But she said the information typically should be made public if the issue is important enough, and that recent experience has shown that more disclosure rather than less is better when it comes to banks.

We did get into this mess because we had a lot of sloppiness in the way financial institutions and others were required to disclose their values and models and risk, she said. Going forward that can't be a good thing.


The stress tests, announced in February, were designed to see if banks are adequately capitalized. Banks that are found to need more money would then have six months to raise it, or take funds directly from the government in a new round of capital injections.

The Treasury Department is expected to release summary results of all of the stress tests some time after earnings season concludes for most big banks on April 24.

The regulators are also drafting a concept paper that will explain the framework for the stress tests and spell out how to interpret the aggregate results, the source familiar with the discussions on the stress tests said. The person requested anonymity because the talks are not public.

With earnings season now under way, the source said Treasury and Fed officials have asked banks not to talk about the tests in their quarterly reports. One concern is that banks that already have completed their internal versions of the tests -- and proved they do not need a capital infusion -- will want to include that information as part of their earnings releases.
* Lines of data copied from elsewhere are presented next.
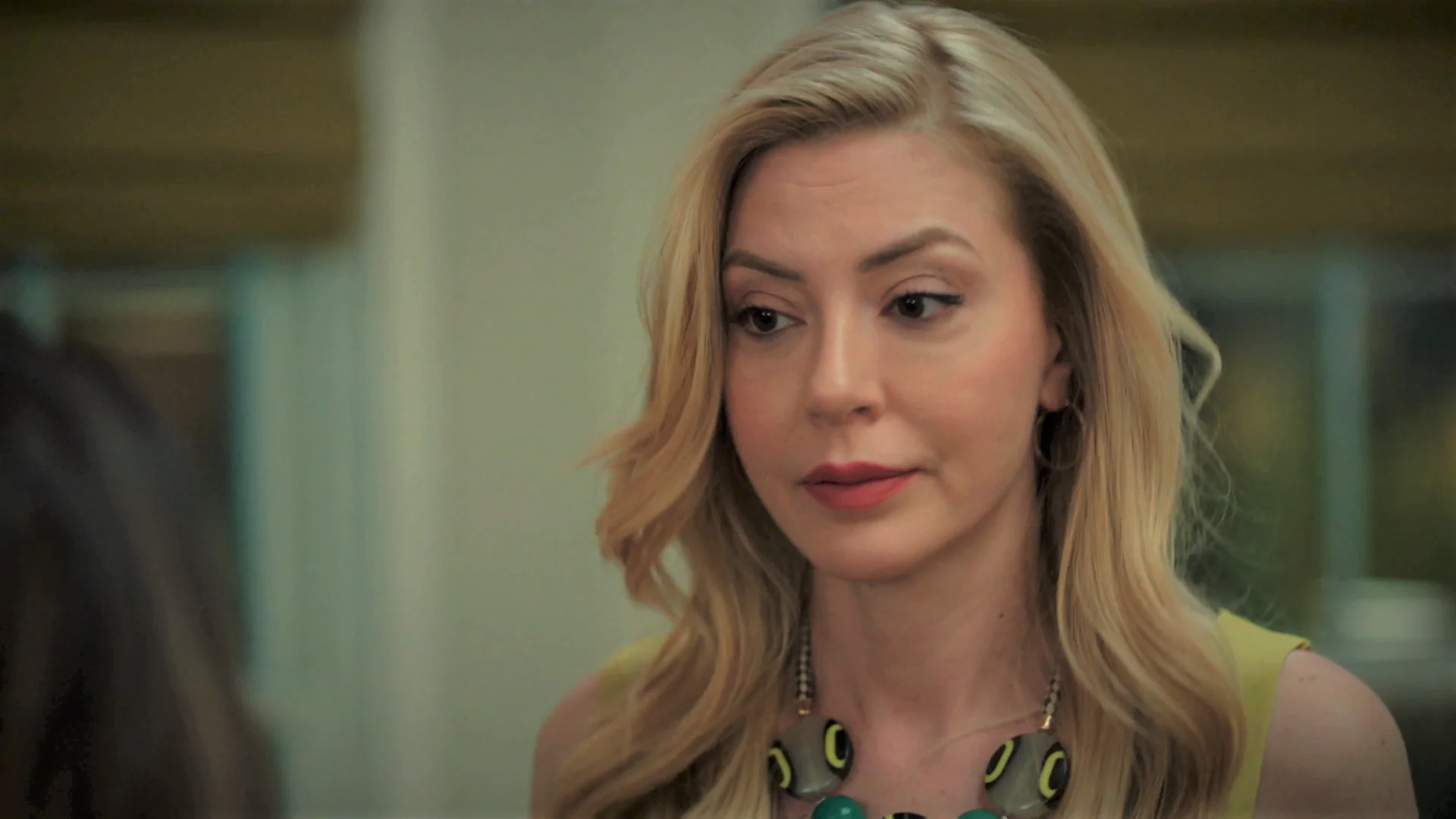 Esta noche en 'Hermanos': Nebahat, a punto de descubrir que Melisa no ha roto su relaci&oacute;n con Kadir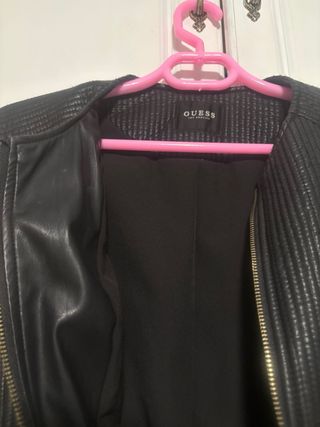 Chaqueta Guess Negra Talla L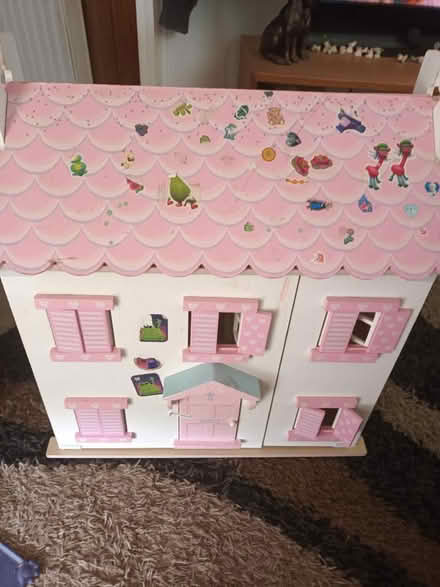 Photo of free Dolls house (Bedmond WD5) #1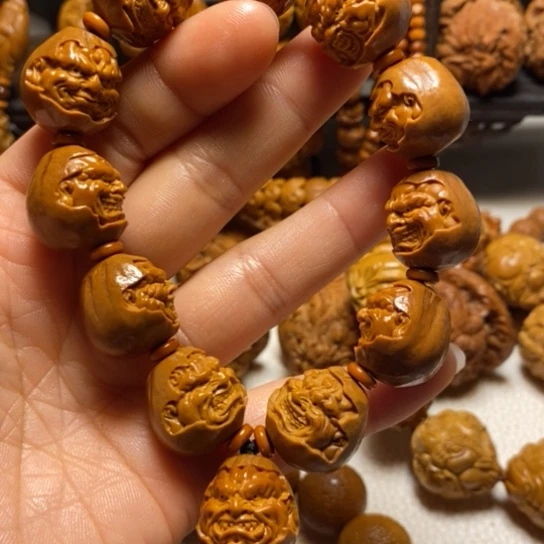 橄榄核吊坠包衣恶僧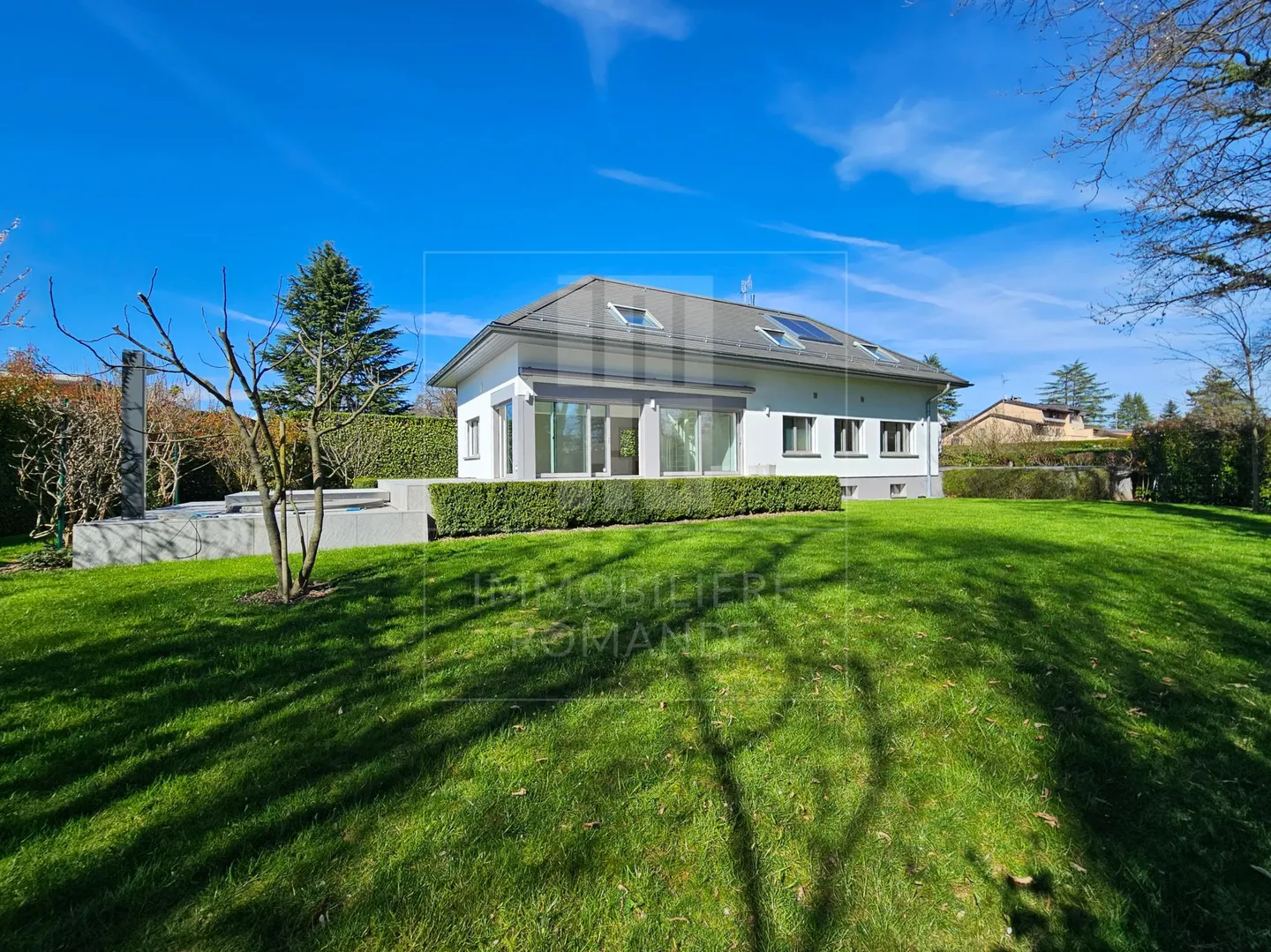 Beeindruckende Villa Nähe Genf - Foto 1 von 7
Regulators worry that investors then would demand that other banks disclose their findings, causing confusion in the market if the results are not all reported in a standard form.

References to the stress tests in corporate announcements have been brief. Insurer MetLife Inc, for instance, confirmed in a news release on Monday it is participating in the stress test program but did not discuss details.

Also on Monday, Goldman Sachs Group Inc said it wanted to use the proceeds of a $5 billion stock sale to help repay $10 billion of government funds if permitted by our supervisors and if supported by the results of the stress assessment.

While not discussing the test itself, Goldman's announcement of the share sale -- combined with a higher-than-expected quarterly profit -- suggests to some that the company is having no trouble satisfying the test requirements.

Many analysts do not expect Goldman to run into trouble with stress tests because most of its assets are already on its books at their market price, meaning the bank does not have to take the same writedowns as many of its competitors.

A Goldman spokesman told Reuters that the language the company used in its announcement was required by regulators, with the company unable to comment any further about the stress test or speculate about its outcome.

Stock analyst Kevin Fitzsimmons, of Sandler O'Neill & Partners LP, said a lack of disclosure about these tests might keep some investors on the sidelines as they evaluate banks.

Over the last several days, banks have been sharply down and up, he said. With a void in information, it could create even more volatility based on what the sentiment of the day is.

But investors may be left with a confusing jumble of information if they are given preliminary results that are later changed as the government finalizes its findings on the new tests, said attorney Evan Stewart of law firm Zuckerman Spaeder LLP.

This is such a new process that they are still testing the stress test itself, he said. It's better to be quiet rather than release incomplete information that may be misleading.